BARCLAYS GLOBAL INVESTORS, N.A.
     And its Subsidiaries:
     BARCLAYS GLOBAL FUNDS ADVISORS
     BARCLAYS GLOBAL INVESTORS SERVICES

CODE OF ETHICS


INTRODUCTION

Barclays Global Investors, N.A. and its subsidiaries Barclays Global Funds
Advisors (BGFA) and Barclays Global Investors Services (BGIS), collectively
referred to as "BGI", have adopted the following Code of Ethics regarding
personal securities transaction policies and procedures intended to prevent
their US officers, directors and employees from engaging in any fraudulent or
manipulative acts with respect to accounts managed or advised by BGI as set
forth in SEC 17 CFR 270 Rule 17j-1, SEC 17 CFR 275 Rule 204-2 and OCC Regulation
12 CFR 12.7. Policies and Procedures on Insider Trading and Chinese Walls are
included in Appendix A.

DEFINITIONS

"Securities" are defined as any SEC registered or privately placed equity and
fixed income security, future or option contract, or other related commodity
derivative investment.
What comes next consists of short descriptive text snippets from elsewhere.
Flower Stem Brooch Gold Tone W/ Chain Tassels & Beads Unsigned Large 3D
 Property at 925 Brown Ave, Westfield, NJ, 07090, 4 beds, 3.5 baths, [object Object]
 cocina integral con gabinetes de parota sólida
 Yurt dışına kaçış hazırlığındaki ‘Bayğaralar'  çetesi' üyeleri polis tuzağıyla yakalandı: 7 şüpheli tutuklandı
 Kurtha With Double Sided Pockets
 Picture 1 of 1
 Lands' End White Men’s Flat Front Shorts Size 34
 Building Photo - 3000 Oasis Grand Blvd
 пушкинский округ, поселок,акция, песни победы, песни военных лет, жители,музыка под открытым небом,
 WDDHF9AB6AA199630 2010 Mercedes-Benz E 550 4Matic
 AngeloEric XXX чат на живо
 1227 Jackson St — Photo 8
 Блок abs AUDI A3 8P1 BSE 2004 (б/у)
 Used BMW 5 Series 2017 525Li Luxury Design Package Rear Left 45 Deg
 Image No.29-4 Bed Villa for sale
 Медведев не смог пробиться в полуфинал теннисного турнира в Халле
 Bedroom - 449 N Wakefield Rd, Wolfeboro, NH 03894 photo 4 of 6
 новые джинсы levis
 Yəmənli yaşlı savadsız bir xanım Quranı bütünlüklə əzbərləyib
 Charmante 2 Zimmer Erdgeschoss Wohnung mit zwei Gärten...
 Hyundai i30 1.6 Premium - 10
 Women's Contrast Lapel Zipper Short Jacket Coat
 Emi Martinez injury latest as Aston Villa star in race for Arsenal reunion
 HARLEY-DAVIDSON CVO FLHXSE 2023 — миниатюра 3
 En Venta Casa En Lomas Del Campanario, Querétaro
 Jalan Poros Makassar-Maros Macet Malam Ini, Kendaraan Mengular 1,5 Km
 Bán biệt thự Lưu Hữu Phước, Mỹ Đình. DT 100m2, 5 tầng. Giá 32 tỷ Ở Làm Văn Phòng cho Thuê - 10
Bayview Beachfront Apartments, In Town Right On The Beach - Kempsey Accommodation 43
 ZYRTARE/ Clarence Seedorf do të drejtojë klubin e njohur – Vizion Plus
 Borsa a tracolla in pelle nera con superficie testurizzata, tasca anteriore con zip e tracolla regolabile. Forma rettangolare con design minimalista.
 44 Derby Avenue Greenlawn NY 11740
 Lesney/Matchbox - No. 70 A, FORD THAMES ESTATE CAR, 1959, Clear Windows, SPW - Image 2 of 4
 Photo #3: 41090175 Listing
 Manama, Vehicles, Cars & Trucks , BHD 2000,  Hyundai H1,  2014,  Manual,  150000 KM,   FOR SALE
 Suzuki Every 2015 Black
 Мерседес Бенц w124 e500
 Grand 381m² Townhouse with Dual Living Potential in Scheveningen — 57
This includes closed-end mutual funds, unit investment
trusts, physical-form securities, and exchange traded funds. "Securities" do not
include US Treasuries and other direct obligations of the US Government,
banker's acceptance, commercial paper, and shares of registered open- end
investment companies.

"Employee" include any US directors, officers and employees of BGI and his/her
spouse, domestic partner, minor children, a relative who shares the employee's
home or other persons by reason of any contract, arrangement, understanding or
relationship that provides to the employee with sole or shared voting or
investment powers.

"Personal Account" includes any securities account or portfolio in which
securities are held for the employee in which the employee has a direct or
indirect pecuniary (monetary) interest. The term includes IRA and 401(k)
accounts in which securities can be purchased or sold.


PROHIBITED TRADING ACTIVITIES

Insider Trading
---------------

o        All employees are prohibited from engaging in insider trading or
         tipping.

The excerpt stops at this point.